Kamu bintang besar! Apa yang akan menjadi keberuntungan Anda jika Anda tidak memiliki sesuatu yang membuat Anda bersinar? -Friedrich Nietzsche-

Selanjutnya

Tutup

Filsafat Pilihan

Menjadi Manusia Filosofis

11 Agustus 2019   18:02 Diperbarui: 27 Agustus 2019   18:04 414
+
Laporkan Konten
Laporkan Akun
Kompasiana adalah platform blog. Konten ini menjadi tanggung jawab bloger dan tidak mewakili pandangan redaksi Kompas.
Lihat foto
sumber gambar: sketsalaku.wordpress.com

Diselah akan menjelang sore tiba, aku duduk bersama musik yang sedang aku dengarkan. Kebebasan dan musik adalah salah satu hal yang tidak dapat dipisahkan. 

Memang ketika menjadi sendiri, tidak ada yang mengatur, juga tidak ada pula yang mengojokan untuk melakukan sesuatu, "manusia menjadi bebas ketika mereka sendiri".
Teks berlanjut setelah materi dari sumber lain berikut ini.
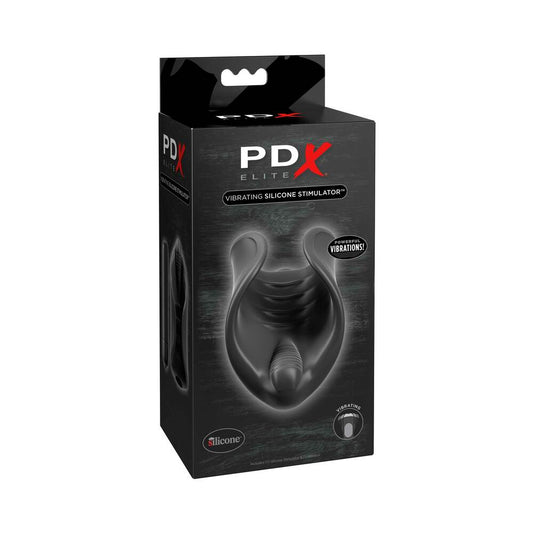 PDX BRANDS - PDX ELITE VIBRATING SILICONE STIMULATOR STROKER BLACK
Di dalam keheningan kini, aku sedang bergelut dengan diriku sendiri, tentang pikiran yang terlitas, perasaan, dan penerimaan sebagai aku saat ini, semua serba ingin untuk direnungi, sudahkah aku menjadi diriku yang sejati? Yang akan hadir di masa depan, tidakah engkau hanya akan memberi sejuta pertanyaan bagi manusia? Apakah memang masa depan, masa lalu dan masa saat ini ada?

Dilematis, hidup memang perlu dilema, karena dengan dilema itu, berpikir dan mengambil suatu keuputusan harus "manusia" itu sendiri tentukan putusannya. 
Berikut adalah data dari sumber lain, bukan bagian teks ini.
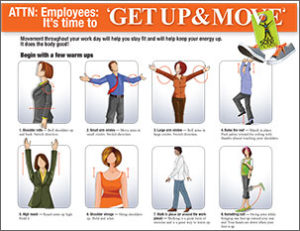 Get up and move stretching illustrations poster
Meskipun keputusan itu adalah untuk mengakhiri rasa-rasa yang dapat menekankan dirinya sendiri,  yang bersumber dari dirinya sendiri untuk direpresi sebagai manusia. Lari dan ungkapan menyembuhkan diri adalah bentuk dari setiap keputusan-keputusan itu.

Sosial, budaya, dan kehidupan kompleks ideologi manusia, semua memang terkadang sangat mendekati absrud. Bukan apa, merekalah sendiri yang membuat jurang pemisah itu, membatasi, bahkan menjaga diri untuk tidak terlalu jauh bertindak sebagai manusia seharusnya, yang lentur, dan menanggapi kemanusiaan secara sama "terkesan" sederhana, "begitulah berpikir menjadi manusia".
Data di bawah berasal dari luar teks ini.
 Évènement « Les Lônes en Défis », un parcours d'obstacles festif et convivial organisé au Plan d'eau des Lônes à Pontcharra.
Namun sebuah anggapan, tidak ubahnya adalah pertalian pada nalar manusia, ia mengikatkan diri, mau tidak mau, dan mereka harus menerima itu, hidup sebagai ajang mencari, bukan siapa-siapa, tetapi sikap dari keputusannya sendiri untuk menjadi manusia, yang seperti "apa" pada akhrinya sesuai dengan konsep berpikirnya sendiri.

Tentang berbagai ketertarikan itu, semakin banyak menarik diri pada sesuatu, semakin manusia banyak tahu akan sesuatu. Rasa yang terkadang sempit, menjadikan ia juga akan bepikir tentang kesempitan. Berbagai pertanyaan itu, tentang diri, tentang diluar diri, tentang derita, bahagia, cinta dan benci, semua adalah perkara jiwa yang terilhami antara baik dan buruk yang saling menyatu pada akhirnya sebagai satu wadah menjadi manusia.

Berbagai kecemasan itu, sebuah bentukan pikiran, apakah manusia sadar akan apa yang dicarinya sendiri? Romansa disana, nan indah, bagai melaju bersama angan yang kosong untuk di isi. 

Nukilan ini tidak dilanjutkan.